Localization of processes involved in methanogenic degradation of rice straw in anoxic paddy soil.

Abstract

In anoxic paddy soil, rice straw is decomposed to CH(4) and CO(2) by a complex microbial community consisting of hydrolytic, fermenting, syntrophic and methanogenic microorganisms. Here, we investigated which of these microbial groups colonized the rice straw and which were localized in the soil. After incubation of rice straw in anoxic soil slurries for different periods, the straw pieces were removed from the soil, and both slurry and straw were studied separately. Although the potential activities of polysaccharolytic enzymes were higher in the soil slurry than in the straw incubations, the actual release of reducing sugars was higher in the straw incubations. The concentrations of fermentation products, mainly acetate and propionate, increased steadily in the straw incubations, whereas only a little CH(4) was formed. In the soil slurries, on the other hand, fermentation products were low, whereas CH(4) production was more pronounced. The production of CH(4) or of fermentation products in the separated straw and soil incubations accounted in sum for 54-82% of the CH(4) formed when straw was not removed from the soil. Syntrophic propionate degradation to acetate, CO(2) and H(2) was thermodynamically more favourable in the soil than in the straw fraction. These results show that hydrolysis and primary fermentation reactions were mainly localized on the straw pieces, whereas the syntrophic and methanogenic reactions were mainly localized in the soil.

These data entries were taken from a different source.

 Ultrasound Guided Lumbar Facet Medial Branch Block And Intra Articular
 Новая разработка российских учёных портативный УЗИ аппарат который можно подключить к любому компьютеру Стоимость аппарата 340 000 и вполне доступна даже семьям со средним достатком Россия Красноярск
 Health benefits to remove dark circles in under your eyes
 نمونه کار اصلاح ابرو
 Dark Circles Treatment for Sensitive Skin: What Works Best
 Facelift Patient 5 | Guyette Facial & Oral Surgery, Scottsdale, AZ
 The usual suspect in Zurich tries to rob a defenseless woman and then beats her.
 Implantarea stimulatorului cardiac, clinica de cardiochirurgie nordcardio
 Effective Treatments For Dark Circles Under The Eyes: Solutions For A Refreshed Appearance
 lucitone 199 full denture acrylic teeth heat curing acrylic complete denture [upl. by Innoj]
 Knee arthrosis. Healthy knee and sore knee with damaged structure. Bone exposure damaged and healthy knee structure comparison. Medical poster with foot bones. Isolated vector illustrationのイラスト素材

The percentage of bacterial relative to total microbial 16S rRNA content was higher on the straw than in the soil, whereas it was the opposite for the archaeal 16S rRNA content. It appears that rice straw is mainly colonized by hydrolytic and fermenting bacteria that release their fermentation products into the soil pore water where they are further degraded to CH(4). Hence, complete methanogenic degradation of straw in rice soil seems to involve compartmentalization.